Benchmarks

We benchmark quality and speed across all methods on ~1,250 queries over 63 repositories in 19 languages.

Main Results

Method	NDCG@10	Index time	Query p50
CodeRankEmbed Hybrid	0.862	57 s	16 ms
semble	0.854	263 ms	1.5 ms
CodeRankEmbed	0.765	57 s	16 ms
ColGREP	0.693	5.8 s	124 ms
BM25	0.673	263 ms	0.02 ms
ripgrep	0.126	—	12 ms

Semble achieves 99% of the retrieval quality of the 137M-parameter CodeRankEmbed Hybrid, while indexing 218× faster and answering queries 11× faster — entirely on CPU.

The charts below plot latency against NDCG@10. Marker size reflects model parameter count.

Speed vs quality (cold start) Time to first result (index + query) vs NDCG@10

Speed vs quality (warm) Query latency on a warm index vs NDCG@10

By Language

NDCG@10 per language. Best score per row is bolded.

Language	semble	CRE Hybrid	CRE	ColGREP	ripgrep
scala	0.909	0.922	0.845	0.765	0.180
cpp	0.915	0.913	0.846	0.626	0.126
ruby	0.909	0.909	0.769	0.708	0.230
elixir	0.894	0.905	0.869	0.808	0.134
javascript	0.917	0.903	0.920	0.823	0.176
zig	0.913	0.901	0.807	0.474	0.000
csharp	0.885	0.889	0.743	0.614	0.117
go	0.895	0.884	0.676	0.785	0.133
python	0.867	0.880	0.794	0.777	0.202
php	0.858	0.874	0.758	0.663	0.123
swift	0.860	0.873	0.721	0.710	0.160
bash	0.825	0.852	0.892	0.706	0.000
lua	0.823	0.847	0.803	0.798	0.000
java	0.849	0.841	0.706	0.641	0.198
kotlin	0.821	0.830	0.670	0.637	0.166
rust	0.856	0.827	0.627	0.662	0.162
c	0.741	0.806	0.706	0.676	0.000
haskell	0.765	0.771	0.776	0.683	0.000
typescript	0.706	0.708	0.545	0.430	0.128
overall	0.854	0.862	0.765	0.693	0.126

Ablations

raw returns retrieval scores directly; + ranking feeds them through semble’s hybrid reranker.

Retrieval	Raw	+ ranking
BM25	0.675	0.834
potion-code-16M	0.650	0.821
BM25 + potion-code-16M	—	0.854

By query category:

Mode	Architecture	Semantic	Symbol
BM25 raw	0.628	0.676	0.719
potion-code-16M raw	0.626	0.666	0.629
semble BM25 (+ ranking)	0.770	0.819	0.957
semble potion-code-16M (+ ranking)	0.757	0.808	0.943
semble hybrid	0.802	0.846	0.958

Dataset

~1,250 queries over 63 repositories in 19 languages, grouped into three categories:

Category	Queries	What it tests
semantic	711	Code that implements a specific behavior or concept
architecture	343	Design decisions, module boundaries, structural patterns
symbol	204	Named entity lookup (function, class, type, variable)

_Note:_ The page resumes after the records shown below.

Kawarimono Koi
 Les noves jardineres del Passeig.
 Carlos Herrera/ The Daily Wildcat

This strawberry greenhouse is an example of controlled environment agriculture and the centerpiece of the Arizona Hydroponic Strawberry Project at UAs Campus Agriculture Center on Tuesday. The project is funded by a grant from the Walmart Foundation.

Languages covered: bash, C, C++, C#, Elixir, Go, Haskell, Java, JavaScript, Kotlin, Lua, PHP, Python, Ruby, Rust, Scala, Swift, TypeScript, Zig.

Methods

ripgrep — fast regex search, included as a raw keyword-match baseline.
ColGREP — late-interaction code retrieval with the LateOn-Code-edge model.
CodeRankEmbed — 137M-param transformer embedding model. CRE Hybrid fuses its dense scores with BM25.
semble — potion-code-16M static embeddings + BM25 + the semble reranking stack.